» Problem requirements
Copy out only the lines running from the one that contains "PUSAT PEMINDAHAN SEMENTARA" through the end of the listing. Pictures stay out.

» The records

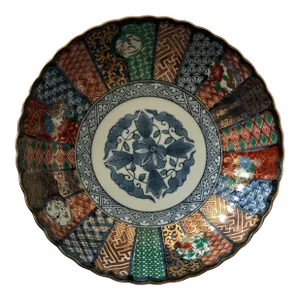 Japanese Imari Fluted Scalloped Edge Bowl, Signed in Original Box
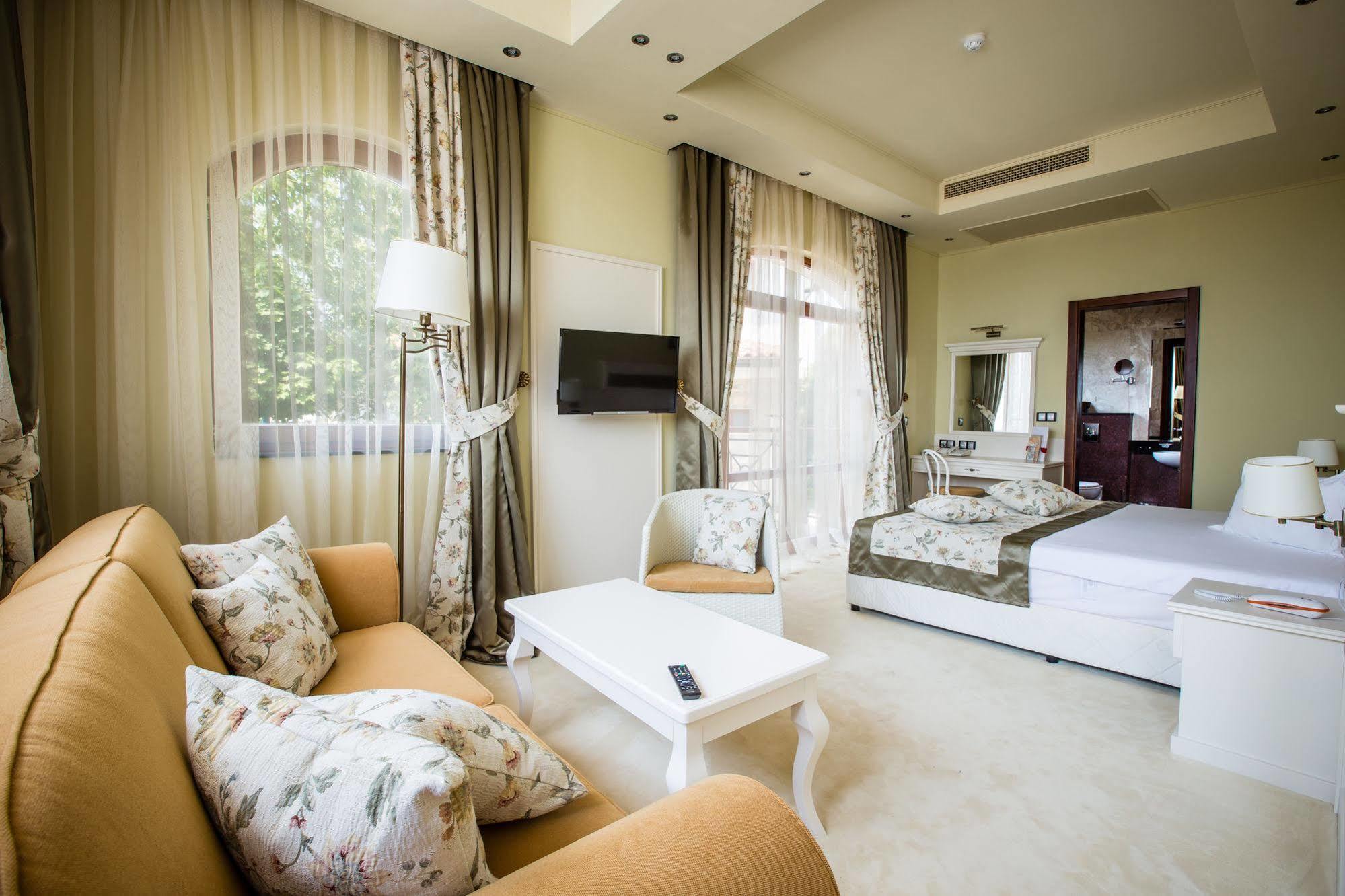 Helena VIP Villas&Suites - Half Board Sunny Beach Esterno foto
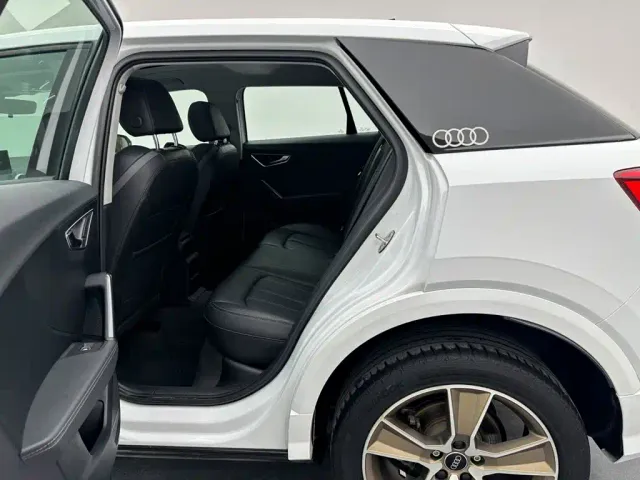 Audi Q2L — Фото автомобиля 19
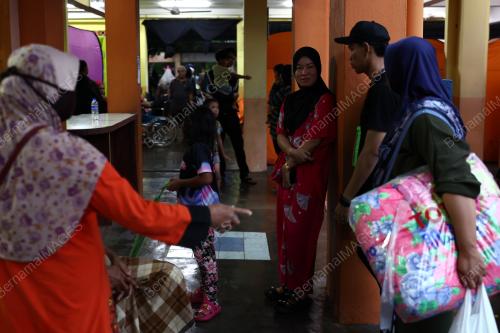 PUSAT PEMINDAHAN SEMENTARA (PPS) SK GUAL TINGGI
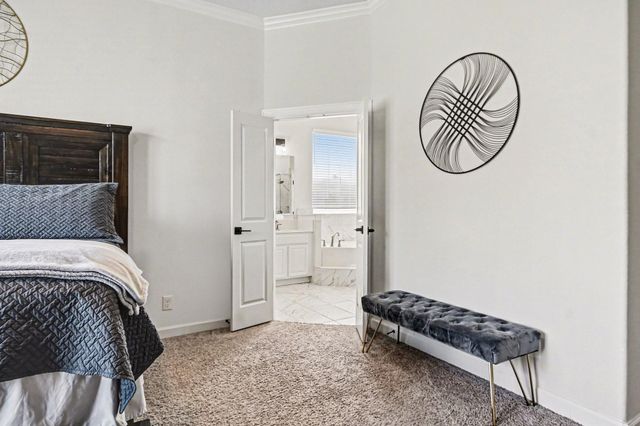 9214 Secretariat Lane, Mont Belvieu, TX 77523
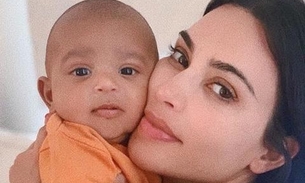 Kim Kardashian acredita que pai falecido reencarnou no filho caçula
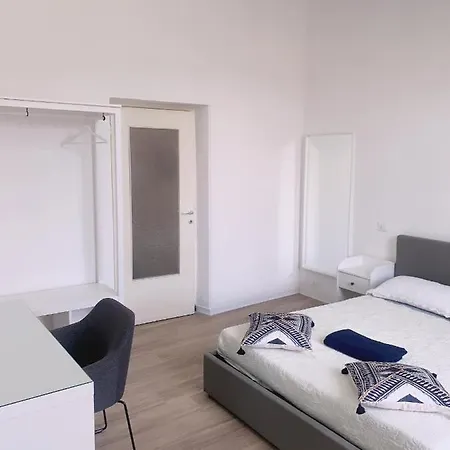 Brin Apartment *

» Exercise result
 PUSAT PEMINDAHAN SEMENTARA (PPS) SK GUAL TINGGI
 9214 Secretariat Lane, Mont Belvieu, TX 77523
 Kim Kardashian acredita que pai falecido reencarnou no filho caçula
 Brin Apartment *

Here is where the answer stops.